I just saw The Adventures of Tintin (yes, everything is possible in NYC, even 12:45 a.m. screenings of a children’s film) and strongly recommend it. I’ve been a huge fan of the Tintin oeuvre — shall we call them graphic novels? they are not dark and pretentious, as so many graphic novels are, but they are a little too beautiful to be called comic books — since I was nine or ten, and I am gratified that Steven Spielberg has made a film version that captures the spirit of the original. (In the print NR, film critic — and my fellow Tintin aficionado — Ross Douthat reaches the same general judgment.) The movie works as an adventure story, but more importantly it shares the sense of humor that is so central to the charm of the original.

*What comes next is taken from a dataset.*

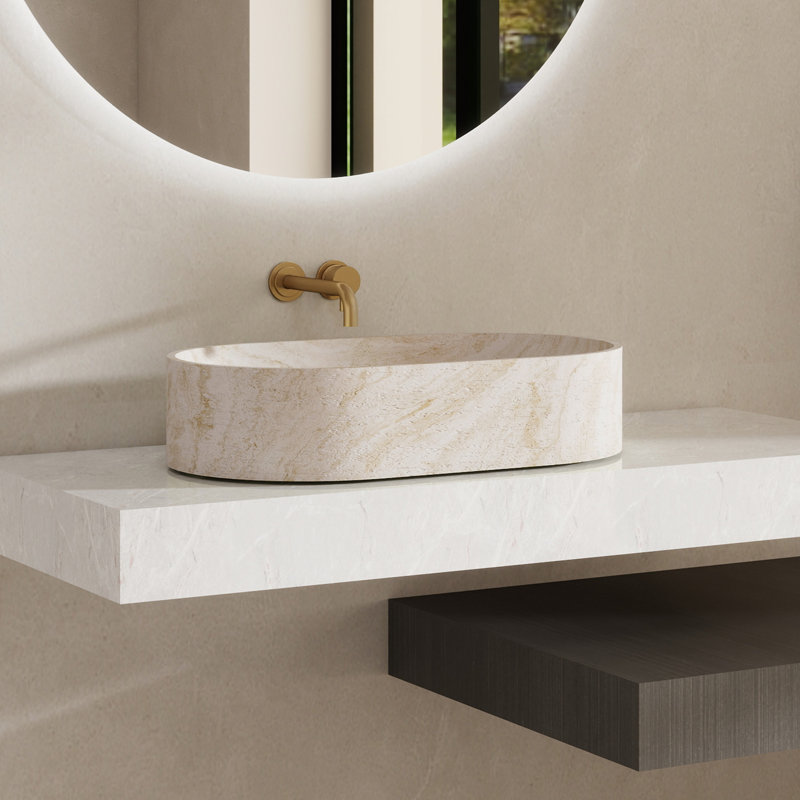 Lavabo de salle de bain en pierre 23 "à cuve ovale à surface solide de style artistique en travertin jaune 23" Stone Zen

The one area in which the film falls short of the books is the colors. Perhaps a feature film rendered entirely in the saturated palette of Hergé’s originals would have been exhausting for viewers? In any case, go from the film to the books and you will see a great difference in brightness. This is especially the case with the 3-D version, which is the one I saw. The dulling of color is still an important problem with the 3-D process, which needs work. On the other hand, some of the 3-D effects in the film are quite marvelous, and it would be a shame to lose them by opting for the 2-D version. You pays your money and you takes your choice.

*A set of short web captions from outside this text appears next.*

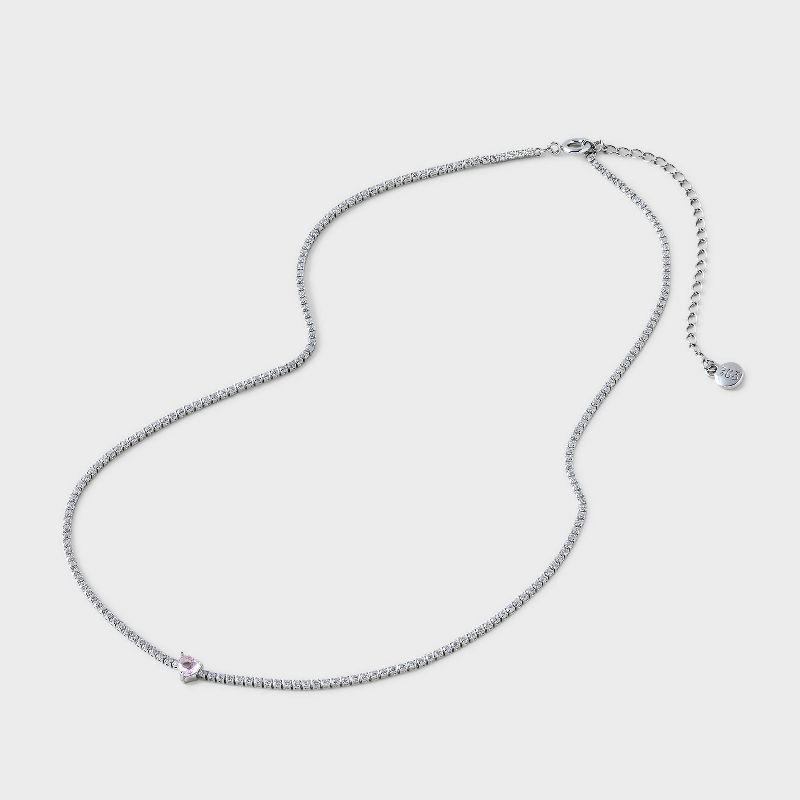 Silver Plated Cubic Zirconia with Pink Heart Chain Necklace - A New Day&#8482; Pink/Silver, 4 of 6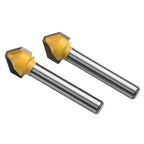 2pcs 90 Degree V-Shaped Router Bit for Woodworking Engraving Milling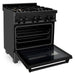 ZLINE 5-Piece Appliance Package - 30-Inch Gas Range with Brass Burners, Refrigerator with Water Dispenser, Convertible Wall Mount Hood, Microwave Drawer, and 3-Rack Dishwasher in Black Stainless Steel (5KPRW-RGBRH30-MWDWV)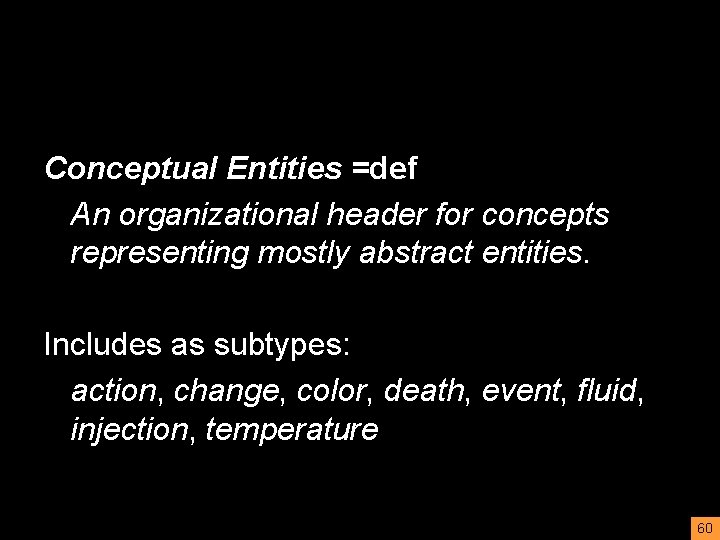 Conceptual Entities =def An organizational header for concepts representing mostly abstract entities. Includes as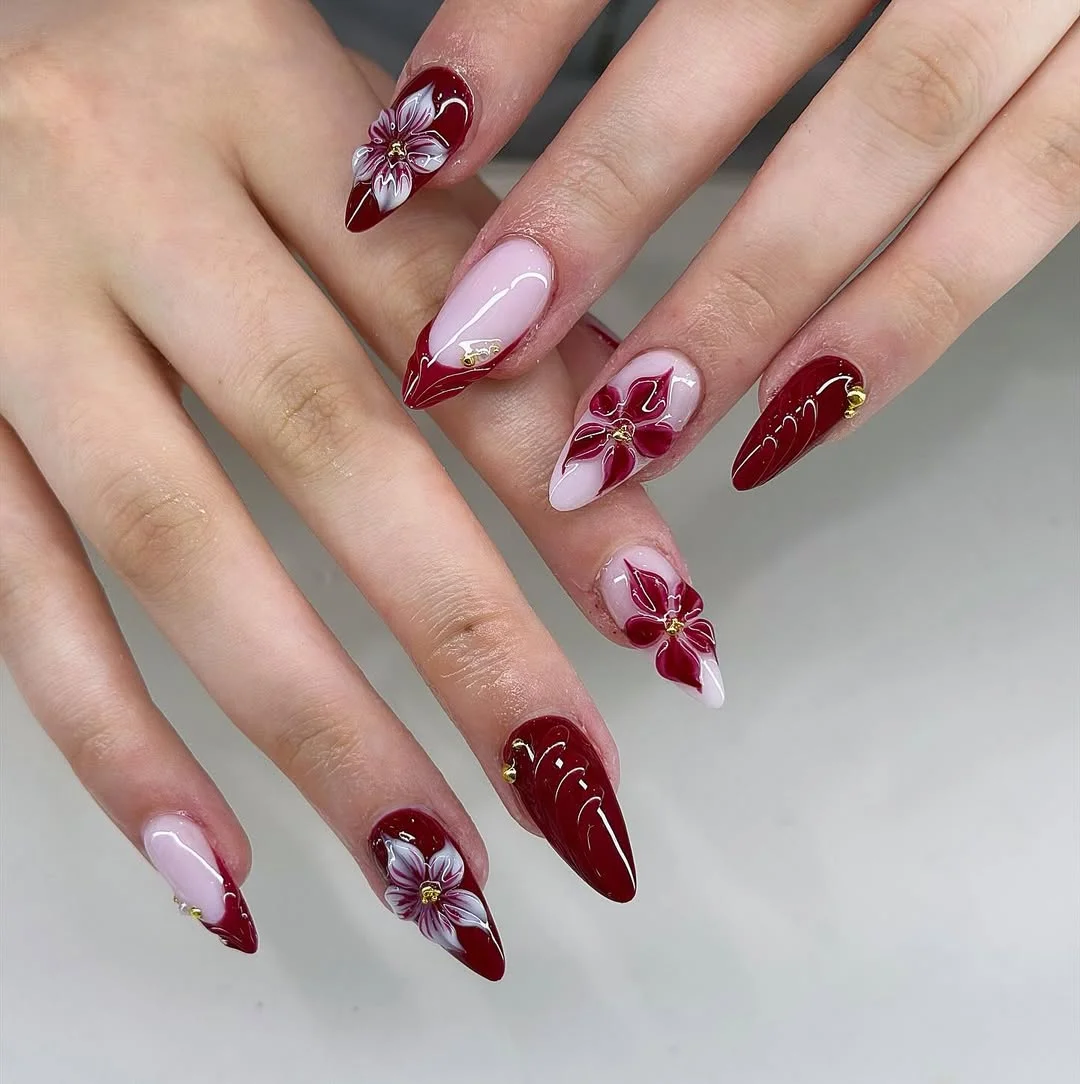 cute summer flower nails 2026 Cherry Red Floral Almond Nails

Whichever version you take the youngsters to see, there is a high probability that they will be curious about the books — and thereafter, confronted with Hergé’s Technicolor, they’ll be hooked for life. Among the many incidental benefits of this will be that they will curse more creatively than others in their age cohort. Tintin’s friend, Captain Haddock, has a colorful vocabulary (“blistering barnacles” being probably his most famous catch phrase) and a legendarily impressive repertoire of insults (he deploys a few choice examples in the film, but you can find a long list of them here). When other kids are shouting the usual four-letter words at each other, yours can be the first ones on the block to accuse others of being “bashi-bazouks! abecedarians! trogolodytes!” or — the worst one of all, from the film — “politicians!”
In short, this is a film that’s great fun, and appropriate for the whole family.